FÜTÜVVET - FETÂ ...
Fütüvvet, kavramsal çerçevede tasavvufla sürekli etkileşim halinde olmuştur. Kur’ân’da, “fetâ” ve türevleriyle geçen fütüvvet kelimesi, peygamberler ve bazı mârifet ehli kişiler için bir unvan olarak kullanılmıştır. Sûfîler de bu sebeple fütüvvet kavramının kökünü, onların örnek hayatlarında aramışlardır. Bundan dolayı makalede öncelikle, söz konusu şahsiyetlerin hangi davranışlarına binaen fetâ/ fitye şeklinde anıldığı hususu üzerinde durulmuştur. Ardından da fütüvvet nebevî bir miras olarak ele alınarak, bu konuda yapılan târif ve yorumlar çerçevesinde, fütüvvet kavramına yüklenen anlamlar tespit edilmeye çalışılmıştır. Bunun sonucu olarak da bu anlamlardan öne çıkanlar, belli bir tasnif içerisinde değerlendirilmiştir.
Giriş.:
Kökü peygamberlere bağlanan fütüvvet, güzel ahlâklı ve yetkin bireylerin inşâsında etkin rol almıştır. Onun bu misyonunu gerçekleştirmesinde tasavvufun önemli bir yeri vardır. Zira fütüvvet, hicri II. asırdan itibâren tasavvufla sıkı bir ilişki içerisinde olmuş ve kavramsallaşma sürecinde ondan önemli ölçüde etkilenmiştir. Sûfîler, fütüvvette var olan bir takım nitelik ve değerlere, Kur’ân ve Sünnetle temellendirmek suretiyle yenilerini katmış ve onu bir şemsiye kavram haline getirmişlerdir. Bunun yanında onu, geleneksel tasavvufî hiyerarşi içerisinde, belli bir incelik ve derinliğe taşımışlardır. Bu süreç içerisinde öyle bir noktaya gelinmiştir ki; fütüvvet deyince neredeyse bazı çevrelerde tasavvuf anlaşılır olmuştur.

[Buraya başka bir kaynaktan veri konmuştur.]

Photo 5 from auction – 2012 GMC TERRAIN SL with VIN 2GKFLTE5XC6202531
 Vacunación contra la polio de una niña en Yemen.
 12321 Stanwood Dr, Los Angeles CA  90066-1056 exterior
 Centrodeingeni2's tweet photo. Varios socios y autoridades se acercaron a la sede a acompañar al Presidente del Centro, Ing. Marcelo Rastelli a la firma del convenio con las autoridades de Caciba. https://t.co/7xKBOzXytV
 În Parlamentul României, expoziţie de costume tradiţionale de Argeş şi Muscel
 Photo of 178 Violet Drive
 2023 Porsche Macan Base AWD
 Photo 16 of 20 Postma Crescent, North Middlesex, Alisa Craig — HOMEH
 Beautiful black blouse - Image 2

Fütüvvet, çok sayıda ahlâkî ve tasavvufî mânâyı bünyesine katarak bir değerler manzûmesi haline gelmiştir. Bu haliyle İslâm tarihi içerisinde, başta Abbasî Halifesi Nâsır Lidinillah (1180-1225)’ın kurduğu fütüvvet teşkilatı ve Anadolu’ya gönderdiği sûfîlerce temeli atılan Ahîlik Müessesesi olmak üzere, bazı önemli kurumların doğmasına neden olmuştur.
Tarihî sürece bakıldığında, fütüvvet müessesesinin zuhur ve inkişafının üç safhada gerçekleştiği görülmektedir:
1-) Fütüvvet kaide ve nizamlarının hilafet makamına (Nâsır Lidinillah) bağlanmasına kadar geçen süreç.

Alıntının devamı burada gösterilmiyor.